We are generally quite enthusiastic about the dynamical systems approach developed by Amit & Bernstein to characterize internal attention in a computationally explicit manner. However, in this response, we highlight a fundamental question about internal attention dynamics that is left unaddressed in the model of Amit & Bernstein. The question revolves around the nature of the internal cognitive representations that become targeted by internal attention. Amir & Bernstein are clear that, once the representations are attended to, they enter working memory. But what is the nature of the representations before they are attended to? Here we suggest that there are three possible ways to interpret Amit & Bernstein’s characterization of their model, which are left ambiguous and implicit in the authors’ account. We refer to these as the generation, activation, and selection interpretations. Critically, these differing interpretations each have important implications for our understanding of the dynamics of internal attention. Below, we elucidate these three interpretations, spell out their implications, and propose avenues for testing them experimentally. In particular, we propose that experimenters could profitably employ cognitive neuroscience methods to distinguish these interpretations empirically.
Background
There is a basic picture of the internal landscape of the mind that Amir & Bernstein take for granted (illustrated in Figure 2 of their paper). According to this picture, there are a multitude of internal, cognitive representations – such as “spontaneous associative thoughts and memories”, “goal-directed thoughts” (p.19), mental images, etc. – which are competing for limited-capacity conscious processing. Internal attention functions as a bottleneck, selecting some of these representations into working memory (where they receive conscious processing), and leaving the others to remain unconscious. (In this response, we will follow Amir & Bernstein in the simplifying assumption of equating activation in working memory with being available to conscious awareness.)
This picture draws heavily on the analogy between internal and external attention. In the domain of external attention to perceptual targets/representations, something like this picture is well established (Dehaene et al., 2006). When viewing a complex visual scene, for instance, there is far more perceptual detail than can be consciously processed; attention helps gatekeep which percepts enter consciousness or working memory; and the unattended-to percepts typically remain outside awareness (Dehaene et al., 2006; Dehaene, 2014; Posner, 2011; Van Boxtel et al., 2010).1 Dehaene et al. (2006) refer to these unattended-to percepts as “preconscious” – strong enough that they could have entered awareness, but left unconscious due to inattention.

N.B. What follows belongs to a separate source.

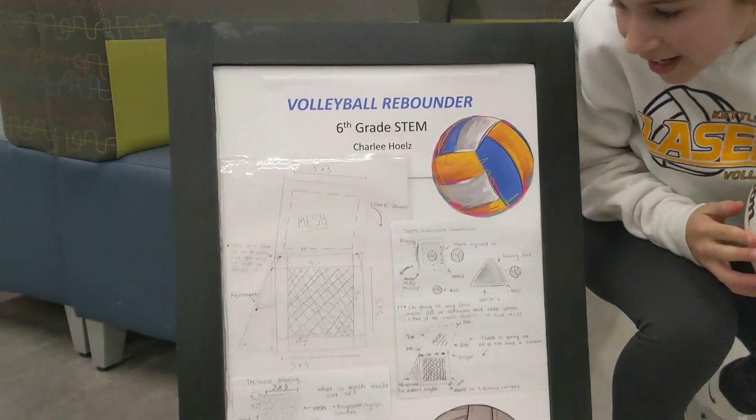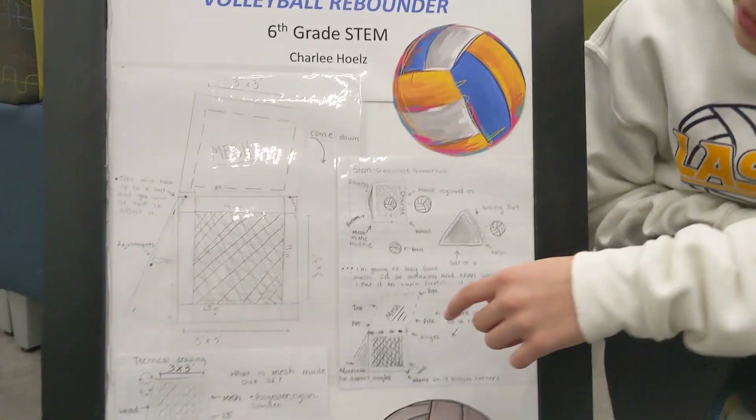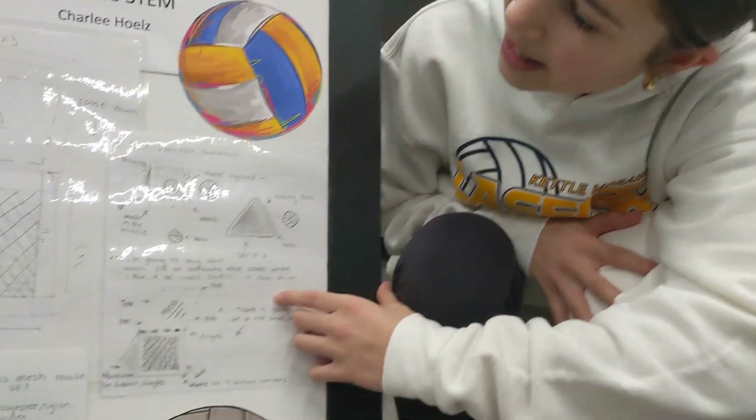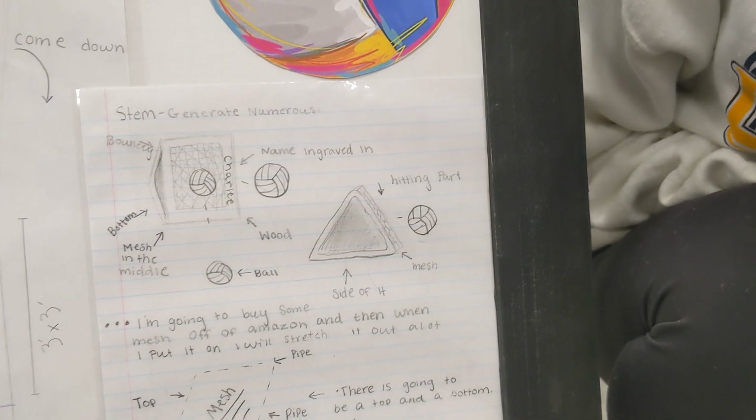Tell us, what are we looking at here? What's going on with this? These are like how I was going to plan it — the measurements and just like pictures of what it's going to look like.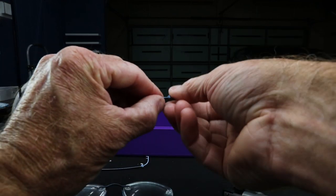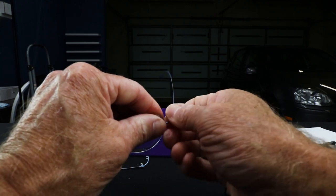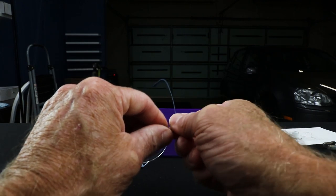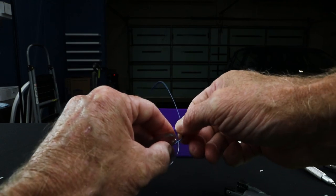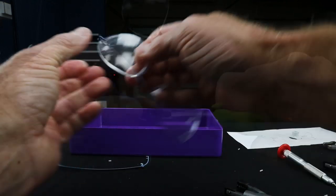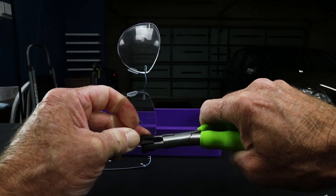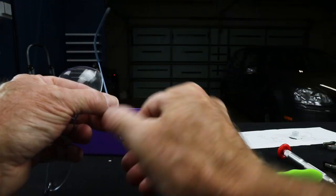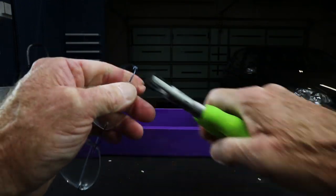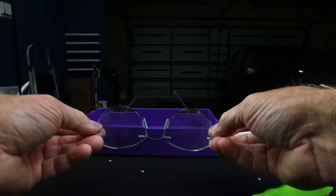Always make sure you've got the right temple on the right side and the left temple on the left side. Easy mistake to make, so don't feel bad. Get it started by hand — pushing from the back so the bushing doesn't want to push back through. Set that one, and we've got one to go. I'll do a little bench alignment on that and take a fashion shoot for you.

However, there is significant ambiguity about how this picture applies to internal attention. In particular, in Amir & Bernstein’s model it is unclear what the nature is of the internal representations before they are attended to. Their model draws on at least three possible interpretations, between which they do not sufficiently differentiate.
The “generation” interpretation
First, Amir & Bernstein sometimes seem to be referring to situations where the internal representations did not exist before being “attended to”. Take, for instance, their discussion of repetitive negative thinking. They write (p.45):
“In A2T, repetitive negative thinking will be initiated, typically, when a negative representation (thought) is selected into WM in a state characterized by low contextual-demands for sustained focused attention. This representation then triggers or increases negative affect. Consequently, both the representation and affective state bias subsequent selection in favor of content- and affect- congruent thoughts (e.g., “Bad things always happen to me.”).”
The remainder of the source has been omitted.